Studio album by Otis Spann
- Released: 1969
- Recorded: January 9, 1969
- Studio: Tempo Sound Studio, New York City
- Genre: Blues
- Length: 40:04
- Label: Blue Horizon
- Producer: Mike Vernon

Otis Spann chronology
| Cryin' Time (1969) | The Biggest Thing Since Colossus (1969) | Super Black Blues (1969) |

= The Biggest Thing Since Colossus =

The Biggest Thing Since Colossus is an album by American blues musician Otis Spann, released in 1969. The album is also notable for the fact that Spann's backing band on this occasion were members of Fleetwood Mac, who were touring in America at the time.
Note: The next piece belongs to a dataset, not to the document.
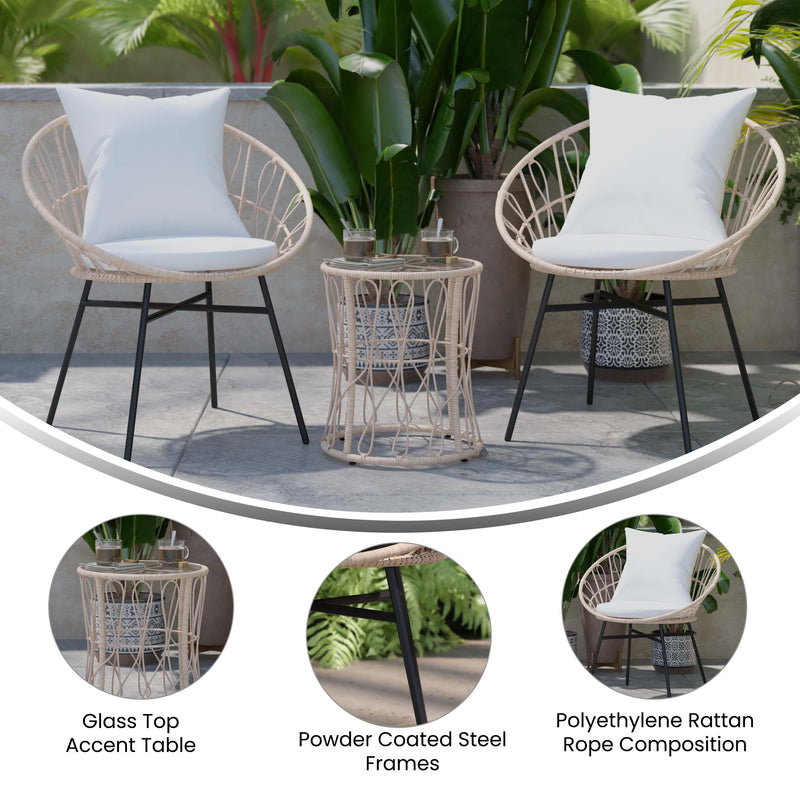 Light Gray Fabric/Tan Frame |#| Indoor/Outdoor Rattan Rope Bistro Set, Glass Top Table & Cushions-Tan/Light Gray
Spann had been involved in the recording of the Blues Jam at Chess album, and a rapport had been struck between Spann and the British band, which led to their participation on Spann's new album.

It was agreed beforehand that Spann's friend and longtime associate S.P. Leary would play drums on the album, and Fleetwood Mac drummer Mick Fleetwood did not take part in the recording. Guitarists Peter Green and Danny Kirwan, and bassist John McVie all contributed to the sessions.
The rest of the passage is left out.